The first ballot box entered the town hall shortly after 10pm and verifying was completed at 2pm.
The amount of votes cast in Chorley were 51,608 and the turnout was 69.11 per cent.
The turnout in Chorley is down 0.89 per cent.
Officers are expecting a final result to be confirmed shortly after 4am.
The Chorley seat has been in Labour hands since 1997 when current incumbent Lindsay Hoyle was elected.
Mr Hoyle won with a decreased majority of 2,593 in 2010, defeating the Conservative’s Alan Cullens.
Going into the this general election, Chorley is the 94th most marginal constituency, the Conservatives requiring a swing from Labour of 2.6 per cent to take the seat, based on the result of the 2010 poll.

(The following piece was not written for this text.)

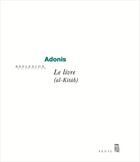 Couverture du livre « Le livre (al-kitab) » de Adonis aux éditions Seuil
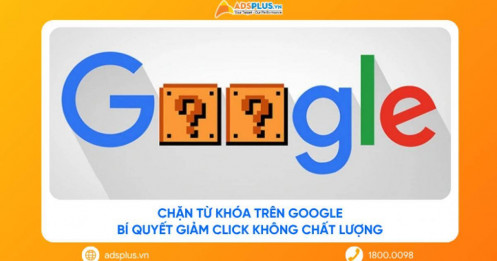 Chặn từ khóa trên Google: Bí quyết giảm click không chất lượng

Mr Hoyle admitted he wasn’t confident ahead of the count, in a subdued town hall.
“I’m never confident, I wasn’t when I first won the seat 1997,” he said.
“The word on the street is people are pleased to see me, hopefully the ballot box tells a good story.
“I’m actually disappointed by this campign, I’ve seen things that I’ve never seen before, posters have been stolen and campaign shops have been vandalised.
“I hope this side of politics never repeats itself.”
Conservative party members are anticipating a recount in Chorley.
Rumours are rife in Chorley’s Town Hall that Conservative candidate Rob Loughenbury could scoop the seat.
But Mr Loughenbury is refusing to make any predicitions.
“It will be very close, but I don’t know what will happen,” he said.
“There could be a recount, who knows?
“Everyone has put in a lot of effort over the past two years.”
Earlier in the night, UKIP’s prospective parliamentary candiate Mark Smith felt his party have an excellent chance of finishing third in Chorley.
Mr Smith is anticipating a bumper vote for UKIP and he feels it is an excellent result if his party gain more votes in the Chorley borough.
He said: “I expect to definitely improve on the 2010 election, I think we have a great chance of coming third.
“It’s hard to say how many votes we will get, but I think we may get six to 10 thousand votes.
“It will be a huge result for us in a difficult seat like Chorley.”
The Independent candidate Adrian Maudsley has yet to show his face while the Liberal Democrat’s Stephen Fenn and the Green Party’s Alistair Straw are looking over the counter’s shoulders.